_Your instructions_
The answer must consist only of the lines in the records below from the line with "Wie viele Bucheckern" to the line with "Flowering lavender in the garden", both included, copied word for word with every picture left out.

_Record extracts_
- Opening Delimiter -

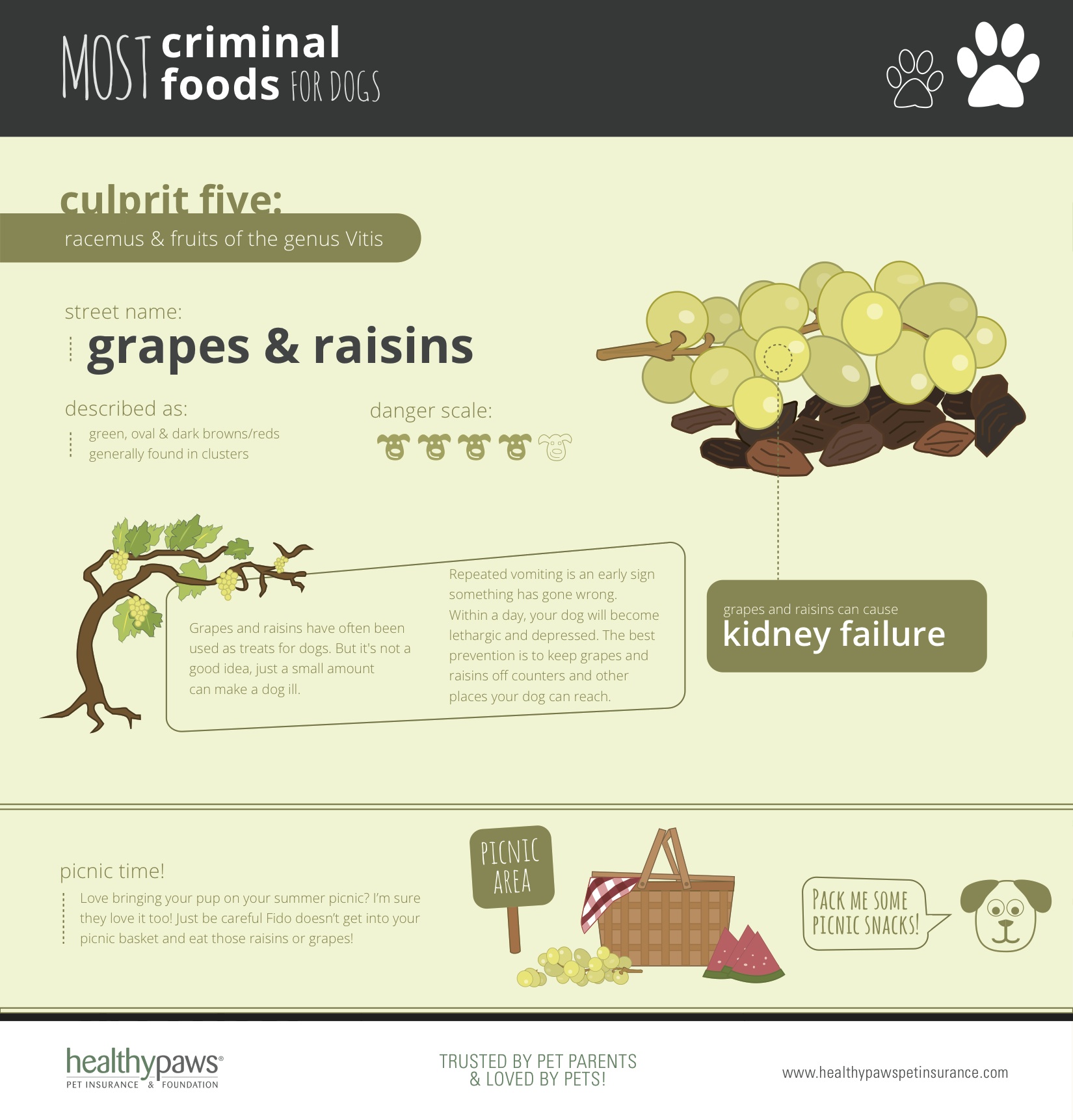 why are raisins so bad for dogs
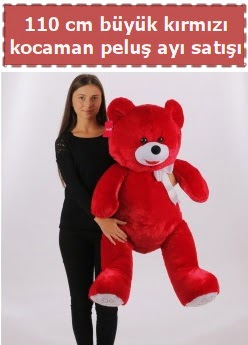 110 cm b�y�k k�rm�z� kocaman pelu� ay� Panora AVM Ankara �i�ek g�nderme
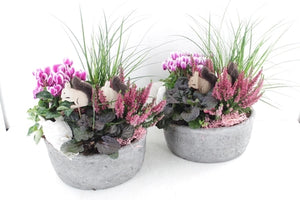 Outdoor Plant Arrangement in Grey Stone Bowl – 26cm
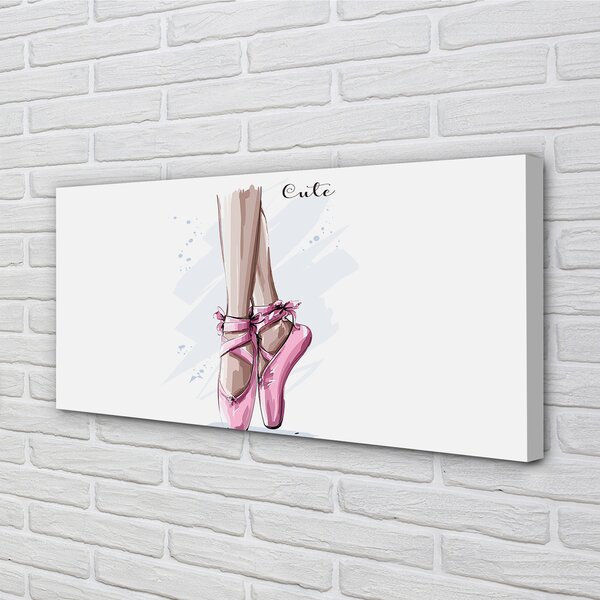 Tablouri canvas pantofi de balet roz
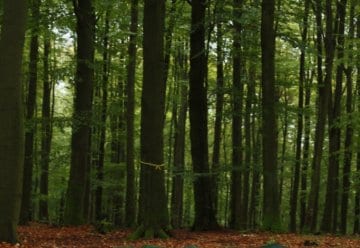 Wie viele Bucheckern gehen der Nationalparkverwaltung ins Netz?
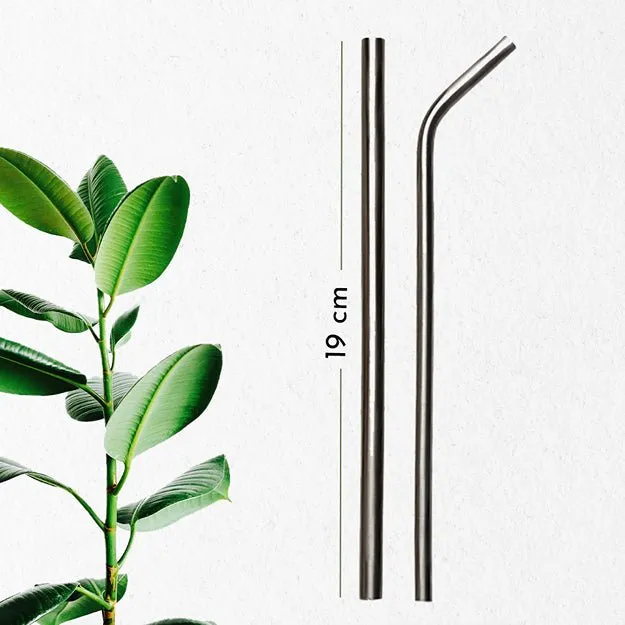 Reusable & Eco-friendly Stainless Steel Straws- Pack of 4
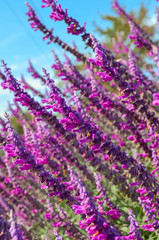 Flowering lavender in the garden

- Closing Delimiter -
- Opening Delimiter -

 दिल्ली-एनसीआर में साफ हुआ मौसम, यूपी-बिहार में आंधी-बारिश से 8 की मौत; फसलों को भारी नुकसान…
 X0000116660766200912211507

- Closing Delimiter -

_Problem solution_
 Wie viele Bucheckern gehen der Nationalparkverwaltung ins Netz?
 Reusable & Eco-friendly Stainless Steel Straws- Pack of 4
 Flowering lavender in the garden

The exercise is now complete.